MPC and AlphaZero

MPC and AlphaZero#

AlphaZero is a computer program developed by artificial intelligence research company DeepMind to master the games of chess, shogi and go.

It is built from three core pieces:

  • Value Function (Neural Network) to estimate the optimal cost-to-go for any given state.

  • Policy (Neural Network) to determine the action to take at a given state.

  • Monte Carlo Tree Search (MCTS) to simulate and search for the best plan.

../_images/50_alphazero_online_play.png

Fig. 16 Illustration of an on-line player such as the one used in AlphaGo, AlphaZero, and Tesauro’s backgammon program. At a given position, it generates a lookahead tree of multiple moves up to some depth, then runs the off-line obtained player for some more moves, and evaluates the effect of the remaining moves by using the position evaluator of the off-line player.#

In AlphaZero, the policy and value networks are trained off-line and an approximate version of the fundamental DP algorithm of policy iteration.
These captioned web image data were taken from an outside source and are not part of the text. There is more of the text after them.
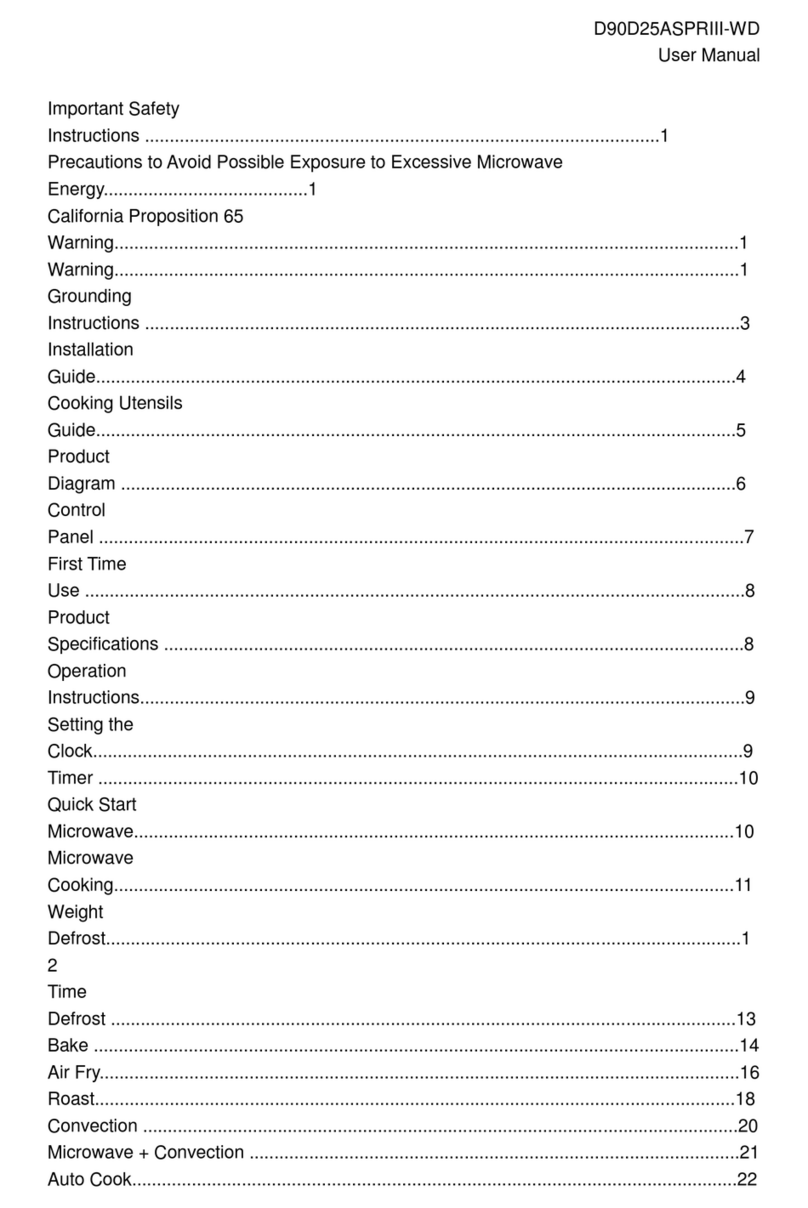 Galanz D90D25ASPRIII-WD User manual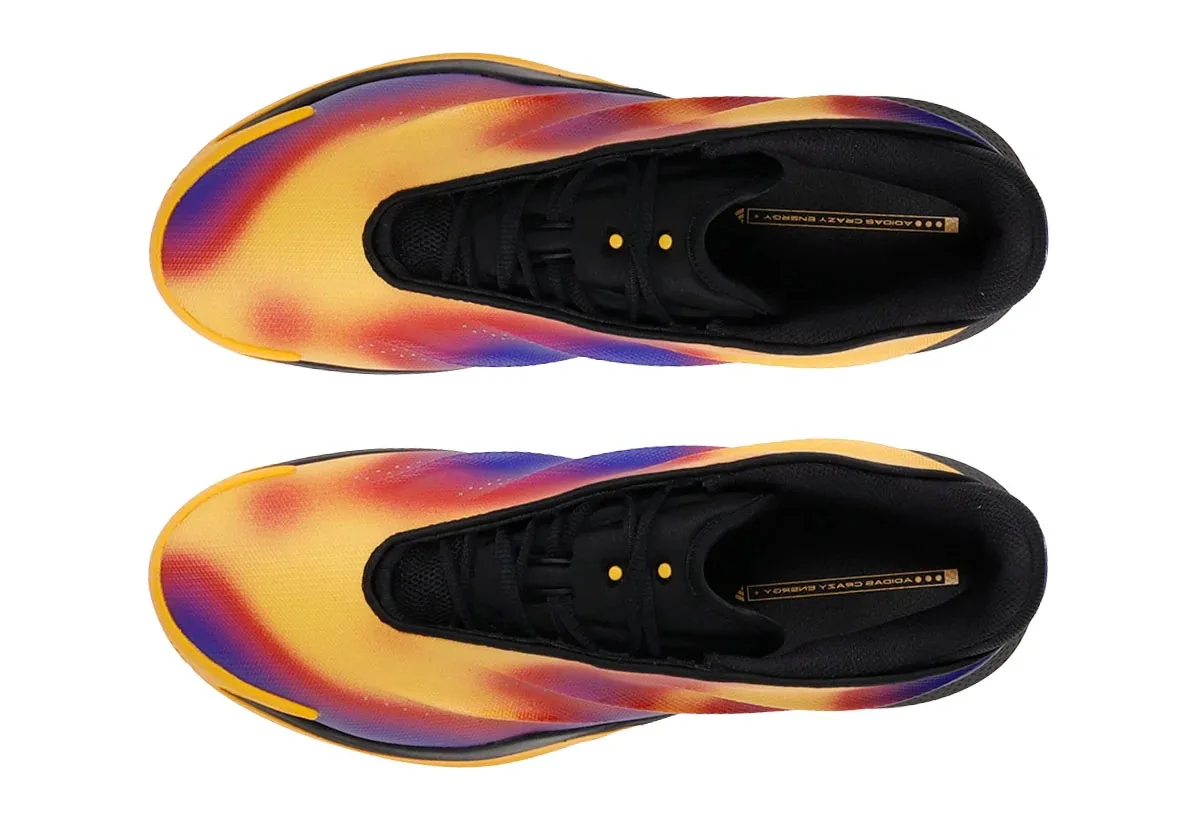 top-down pair, gradient yellow-red-purple upper with black tongue text on insole, adidas Crazy Energy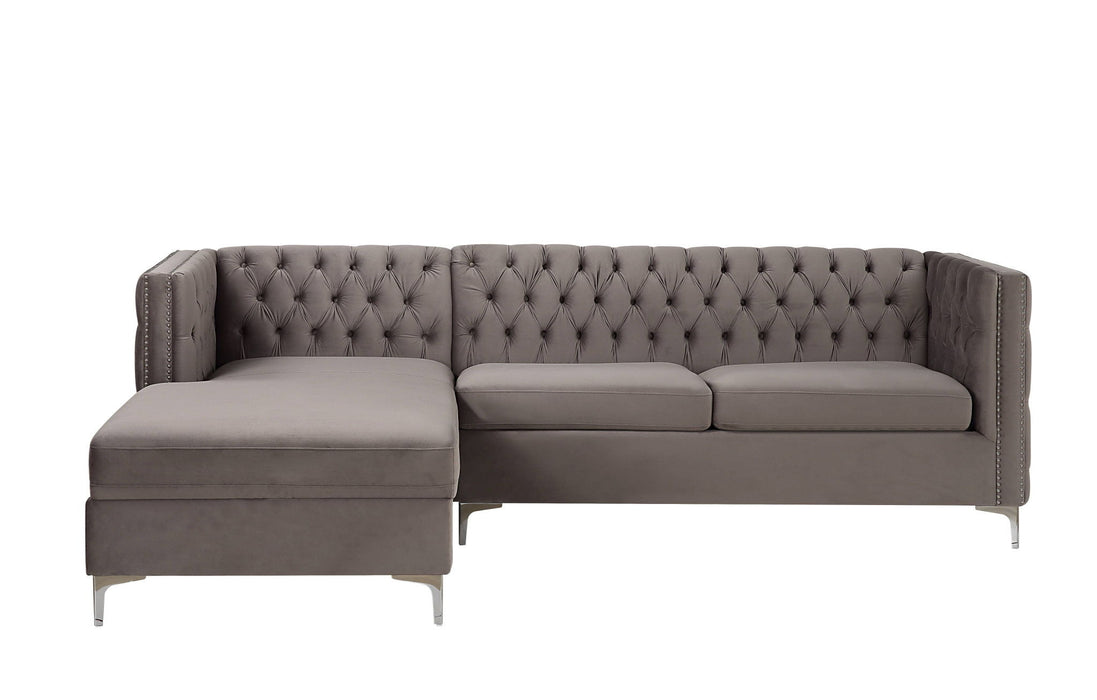 Velvet L Shaped Two Piece Sofa And Chaise Sectional - Gray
A separate on-line player is used to select moves, based on multistep lookahead minimization and a terminal position evaluator that was trained using experience with the off-line player.

This approach performs better than using the off-line policy directly because of the long lookahead minimization, which corrects for the inevitable imperfections of the neural network-trained off-line player, and position evaluator/terminal cost approximation.

In model predictive control (MPC), there is no off-line training and we use the system’s model for the on-line rollout. The control interval is equivalent to the number of steps in lookahead minimization, while the prediction interval is equivalent to the total number of steps in lookahead minimization and truncated rollout.